Nature Uniting Us, Elections Dividing US


(Although this is written with Middle Tennessee’s May 1st flooding in mind, it applies to anywhere there’s a crisis or natural disaster uniting us juxtaposed to elections dividing US.)

The six month anniversary of the May flood nears as we find ourselves on the cusp of an election. I’ve been pondering these two events, one of nature, one of humankind. 


Not so long ago, one brought us together uniting us, offering an opportunity to bridge political, religious, racial and economic divides while one more recently intentionally separates us by playing on these divides.
In both, images were and are used to motivate us. During the time of the flood and immediately afterward, images prompted us to reach out and show compassion.
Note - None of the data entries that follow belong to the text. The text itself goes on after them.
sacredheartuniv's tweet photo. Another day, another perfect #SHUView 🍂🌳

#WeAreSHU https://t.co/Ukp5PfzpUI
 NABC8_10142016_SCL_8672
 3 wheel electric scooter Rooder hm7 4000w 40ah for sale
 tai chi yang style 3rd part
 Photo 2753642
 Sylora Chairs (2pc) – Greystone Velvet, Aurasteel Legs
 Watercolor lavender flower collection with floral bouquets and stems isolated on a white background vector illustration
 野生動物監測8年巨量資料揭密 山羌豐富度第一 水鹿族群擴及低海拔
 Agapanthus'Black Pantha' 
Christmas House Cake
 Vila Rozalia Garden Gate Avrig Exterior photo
Good will flowed as strangers helped one another.

The beneficiaries were individuals, families, communities and ultimately the human heart as we were Tennesseans at our best, baptized into a greater understanding of people around the world who have lived through natural disasters.
More recently in the weeks leading up to the election, commercial images have been used to serve up attacks, perpetuate untruths and stir mistrust in an attempt to manipulate and separate us, to get us to forget the lessons learned and experiences shared during the flood. Money flows while business and political bedfellows help one another buy America. The beneficiaries are special interest and lobbying groups and many corporations.
I’ve never really cared for the phrase ‘acts of God’ used in insurance policies referencing acts of nature such as the flood. I don’t believe in a God that ‘acts’ in this way. Yet I am mindful there is a grace to these events for they shake us and for a time awaken us empathically and remind us of what’s really important.
Crises remind us on a deep level that we are more alike than different whereas elections seem to thrive on getting us to forget these differences.
Regardless of who wins Tuesday, we each have the privilege of deciding how we hold the lessons from the flood. In the privacy of our insides, we each get to decide what governs the territory of our individual heart and mind. We can choose to remember the connections made and lessons learned in May or forget them. Regardless of who wins Tuesday, we each get to decide whether to live from a place of greater awareness and love or to live in reactivity and fear.